The simplest scams are sometimes the hardest to thwart. Rather than redesign its prepaid card with added security, InComm is redesigning the packaging in a way that should render stolen cards unusable.

Thieves like the idea of simply by taking a prepaid card out of its package and replacing it with a "dummy" card that has no value. When a buyer activates the "dummy" card by scanning its package at the point of sale, the real card in the thief's possession is loaded instead.

Atlanta-based prepaid card provider InComm is launching a new bar code encoding technique that requires both the card and the packaging to be present. If the card is removed, the bar code will not register at the point of sale.

Essentially, about two-thirds of the card activation code is on the packaging, with the final digits on the card inside of the package. The new technique "helps to protect our retail partners and the end consumer from fraud by invalidating a prepaid card that has been compromised before it's activated by a legitimate consumer," said Chanda Wicker, senior vice president of global production services at InComm.

InComm secure card and packaging
InComm's packaging puts some of the activation code on the card itself. If the card is stolen or replaced, the store won't be able to activate it because part of the bar code will be missing.

In that regard, a fraudster trying to steal the card from the packaging would end up with a card that could never be properly activated. "A card that cannot be activated is rendered useless, which makes the purchase impossible to complete," Wicker said.

During InComm's initial run of prepaid cards using this printing technique, Wicker said the company saw "significant improvement" in the protection of those cards. The technology will apply to both gift cards and prepaid debit cards.

The new packaging will definitely thwart fraudsters who swap out cards, said Julie Conroy, research director and fraud expert with Boston-based Aite Group. However, they may adapt over time.

"As with everything else, if it is a pretty low-tech solution, we see that criminals can get through it pretty quick as well," Conroy said. "I want to learn more about what InComm is doing with this, but it appears to address the card swapping aspects."

Conroy cited incidents with Visa gift cards two years ago in which buyers were purchasing what they believed to be legit cards, only to find they had been tampered with and returned to the packaging. InComm's new packaging, or any sort of tamper-evident packaging, could be a deterrent for that kind of activity, she added.

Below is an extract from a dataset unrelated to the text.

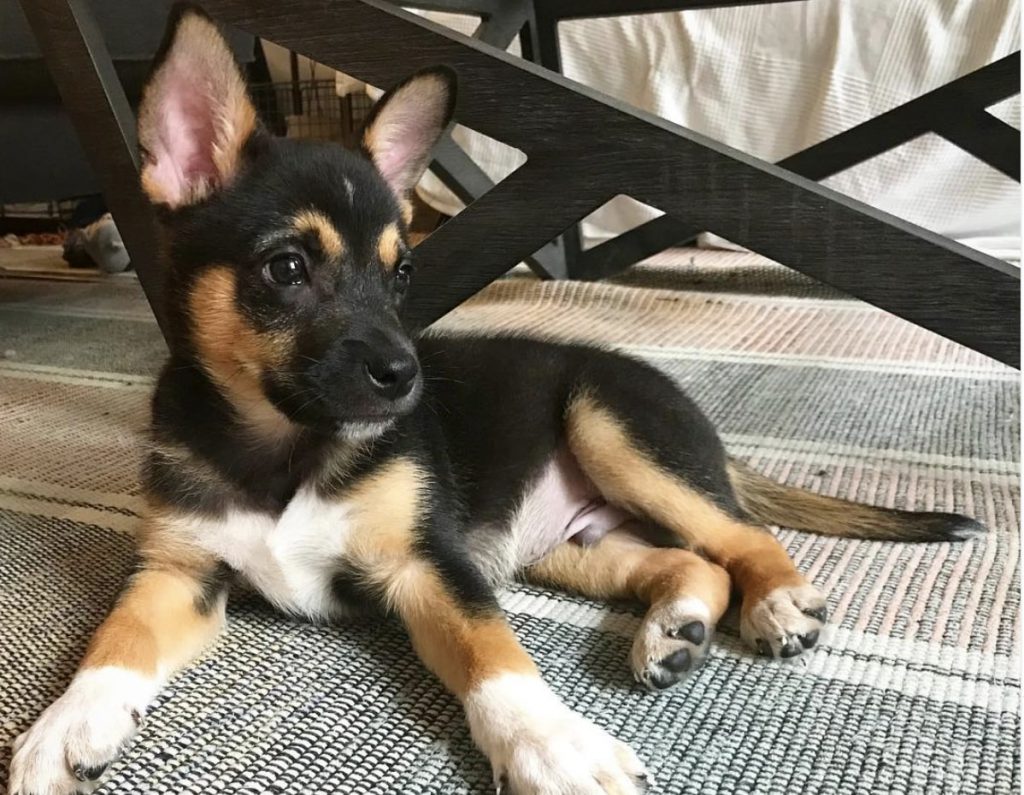 The Husky Jack is a SIberian Husky and Jack Russell Terrier mix.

InComm received a grant from the United States Patent and Trademark Office last week for the patent on the new packaging method.

Late last year, InComm addressed online security when it began using technology that constantly changes the CVV on the back of a reloadable prepaid card, incorporating the services of Tender Armor and its CVV+ solution.

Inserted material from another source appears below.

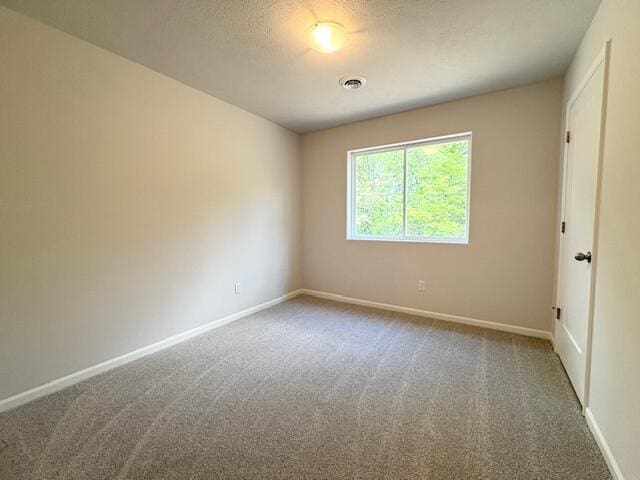 8121 Bowens Mill Rd, Middleville, MI 49333 - spare room with carpet and baseboards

"The intelligence we gain from our relationships with retail and brand partners guides us in our mission to protect them and their customers who rely on our products," Wicker said.

But fraudsters keep prepaid card providers on their toes, with a favorite trick being to simply write down or scan the card numbers, which are fully visible through regular packaging so that retailers can scan them when being activated by the buyer. The scammer will then regularly check online to see if that card is activated and will be accepted.

In that way, a person receiving a prepaid card as a gift might not know that someone else has already drained its value.

InComm would like to see all of those tricks thwarted, and is developing more anti-fraud tools to combat them, Wicker said.